The flex tube is a long tube that connects the gas controller to the burner that houses the pilot light and thermocouple, among other pieces. Gas will not be supplied to the burner for combustion if the flex tube is damaged or clogged.

Fortunately, flex tube faults aren’t as common as thermocouple issues. This is why you have to check and make sure your thermocouple is in great condition before you pay attention to the flex tube.

The Solution: Straighten all kinks on the flex tube. It’s also wise to look for any visible damage that might cause gas leaks. Gas leaks will reduce the amount of gas reaching the burner. It might be the reason why your furnace pilot light keeps going out or flickering.

6. A Faulty Main Control Valve

Possibly the rarest problem you can encounter.

You’re advised to first check the pilot tube, thermocouple, and flex tube before you start tampering with this part. The Main Control Valve Unit hardly ever crashes.

However, don’t rule it out just yet, it might be the reason why your water pilot keeps going out.

The Main Control Valve is responsible for regulating the heater’s gas and water pressure. It’s the soul of your water heater.

It starts the whole process by first supplying a small amount of gas to the pilot light. If the gas is lit, it fully opens the main valve to provide a steady supply of gas.

A faulty main control valve will unexpectedly close the gas valve, cut the gas supply, and create a weak flickering flame.

Signs of a faulty main control valve include:

  • A faulty pilot button that doesn’t pop up after pressing
  • A faulty control knob
  • You experience extremely hot water more than the specified temperature range

The solution: There is no way around a faulty main control valve.

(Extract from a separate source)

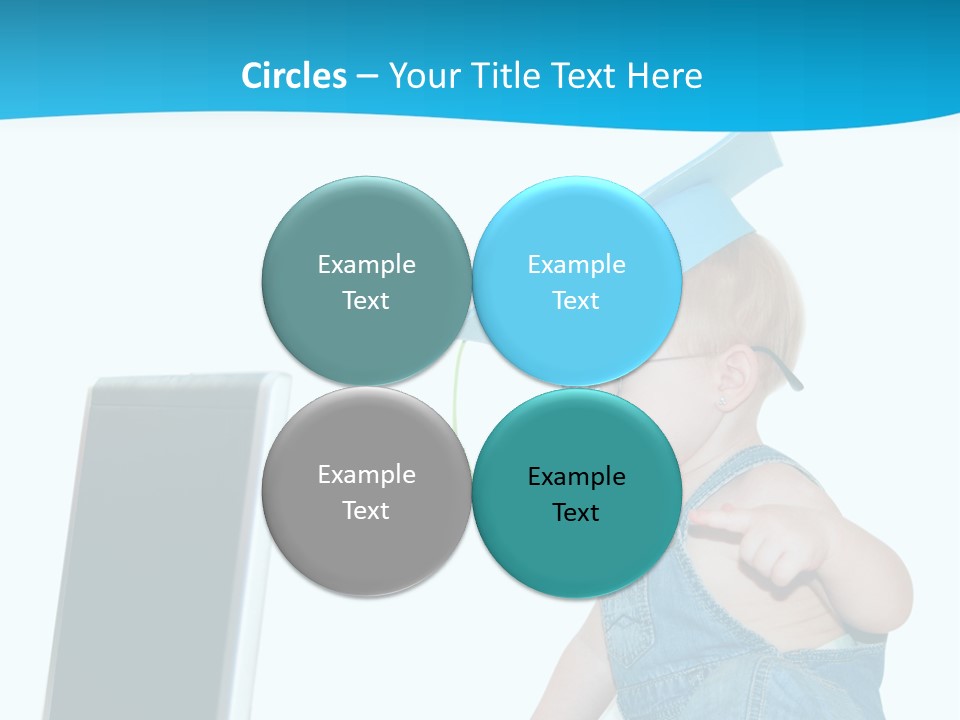 Naildesign Stylish Professional PowerPoint Template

Although there are technicians who claim to be able to fix this, manufacturers strongly advise against it.

You’re advised to replace the part to avoid recurring costs and damaging other parts of your water heater.

7. Poor Electrical Wiring

This is usually a problem with electric water heaters.

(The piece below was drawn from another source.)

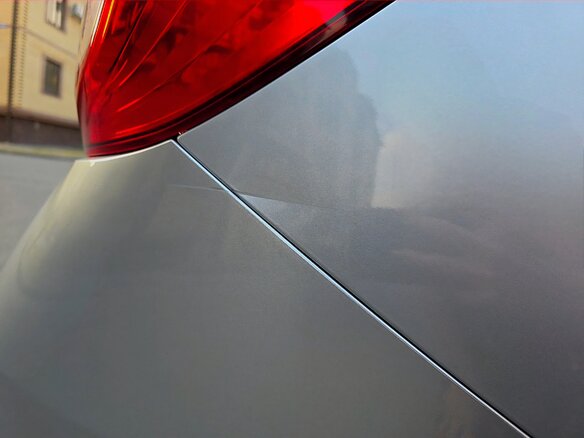 2021 Renault Logan Stepway II Рестайлинг, серый, 1500000 рублей - вид 15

It’s one of the reasons you should always hire a technician to install your water heater. The first sign of a faulty electrical system is if your water heater suddenly shuts down.

The Solution: Immediately switch off your water heater and call a technician. Please don’t mess with the wiring system.

Our Final Word

Call in the big guns (technicians) if all your attempts fail and your pilot light keeps going out.

We know… We know… Technicians are a bit expensive, but at least you’ll be more confident with the repairs. In addition to that, we all know just how dangerous electricity and gas can be. Your safety is paramount.